A federal government employe has written a paperback bestseller on government time using government faciities and government clerical help, The Washington Post has learned.
Before editors and bureau chiefs all over town deploy their investigative reporters for a full-scale assault, though, it is important to point out that Phil Schneider's literary success is all in the line of duty. The book he wrote ("compiled" may be the better term), Policy and Supporting Positions, is an official U.S. government publication, on sale now for $6 at Government Printing Office stores, where it is the hottest selling item to come along since the previous edition of P&SP came out four years ago this month.
"Bestseller? Oh, it's a bestseller all right," said George Omas of the House Post Office and Civil Service Committee, which is the official "publisher of Schneider's book. "Judging from the phone calls we're getting up here, you'd think people will kill to get their hands on that book."

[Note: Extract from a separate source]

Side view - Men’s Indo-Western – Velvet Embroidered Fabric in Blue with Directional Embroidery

If the past is any guide, some sharpie in the private sector will pick up a copy of the new book, reproduce it and start selling a commercial version in bookstores. If that happens, as it did it 1972 and 1976, it is safe to say that Schneider's magnum opus will be sold under its popular name: The Plum Book.

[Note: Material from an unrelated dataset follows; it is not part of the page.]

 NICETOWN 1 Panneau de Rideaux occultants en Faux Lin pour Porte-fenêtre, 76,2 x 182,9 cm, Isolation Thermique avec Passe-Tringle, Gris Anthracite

Schneider's book, by either title, is the quadrennial government guide that tells, not to put too fine a point on it, which high-ranking federal jobs will be up for grabs when the new administration takes over. It lists agency, title and salary for about 4,000 of these "plum" jobs. If you're a Republican with a decent resume, it is kind of a shopping list. If you're a Democrat, it tells you which of your friends is likely to be out on the street Jan. 21.
Actually, as Schneider explains in his dry, all-business way, P&SP is more than just a list of plums. It is a complete roster of all the jobs in the government that are excepted from normal Civil Service protections. There are 6,506 positions in the book, which has the size and girth of a medium-sized city's telephone book.
"There are really only about 4,000 that are clearly political," Schneider said, adding anxiously that he would not want the professors at the Naval Academy or the comptroller of the currency's bank examiners to fear that their futures, too, are on the chopping block.
Schneider, a senior executive service official whose title, deputy assistant director of the workforce information division at the Office of Personnell Management, is not listed in P&SP, is utterly blase about the rapid ascent of his week-old volume to the top of the government's bestseller list.
"It's the third one of these I've worked on," he said, noting that The Plum Book takes considerably less effort than some of the other publications his office puts out. These include the monthly "Federal Workforce Statistics" -- "that's the green book, of course," Phil said, as if everybody read it every month -- and the annual "Occupations of Federal Blue Collar Workers," which lists 2,000 jobs spread among the 1.9 million people who work for Uncle Sam.
On first reading, P&SP seems about as dry as a book can be. For page after oversized page it presents long tables listing title, current officeholder, type of appointment (presidential appointees fall into seven different personnel categories) and salary for job after job.
Once you finish looking up your personal friends and gasping at their income (about half the jobs in PS&P pay more than $50,000 anually), there would seem to be nothing left to read.
In fact, though, Schneider and his coauthor, Frank McGrory, a GS13 at Personnel Management, have turned out a book that is alternately mysterious, wonderful and poetic.
Among the mysteries: why does the U.S. ambassador to Nigeria earn $60,662.50 per year when his colleague next door in Niger gets only $50,112.50 and their colleague in nearby Sudan makes $52,750? Why do members of the Committee for Purchase from the Blind take home a per diem of $197.72 when their colleagues down the street at the Battle Monuments Commission have to settle for "w.c." (without compensation)?
The wonderful world of government titles offers myriad paths for the wandering mind to follow. The book is full of secretaries, undersecretaries and deputy under secretaries, naturally enough. But what must it feel like to be the lucky person at Health and Human Services who bears the title "special assistant to the assistant deputy undersecretary"? wThe Pentagon has a "director of net assessment," which means, of course, that there is also a "personal and confidential assistant to the director of net assessment." The poetry of the plum book is in the names. Shakespeare had his Nick Bottom, but the federal government has Tennie P. Bottomly. Ian Fleming's fictional James Bond had a confidential aide named "Miss Moneypenny"; Uncle Sam's nonfiction Department of Energy has a "confidential assistant" named Ms. Halfpenny.
If the investigative reporters still want to probe Phil Schneider's bestseller, they might turn their attention to one glaring flaw. The color "plum," Webster's says, is "blue-red in hue," but The Plum Book has a cover of brilliant orange. "Around here," Schneider says, "we might start calling it the pumpking book."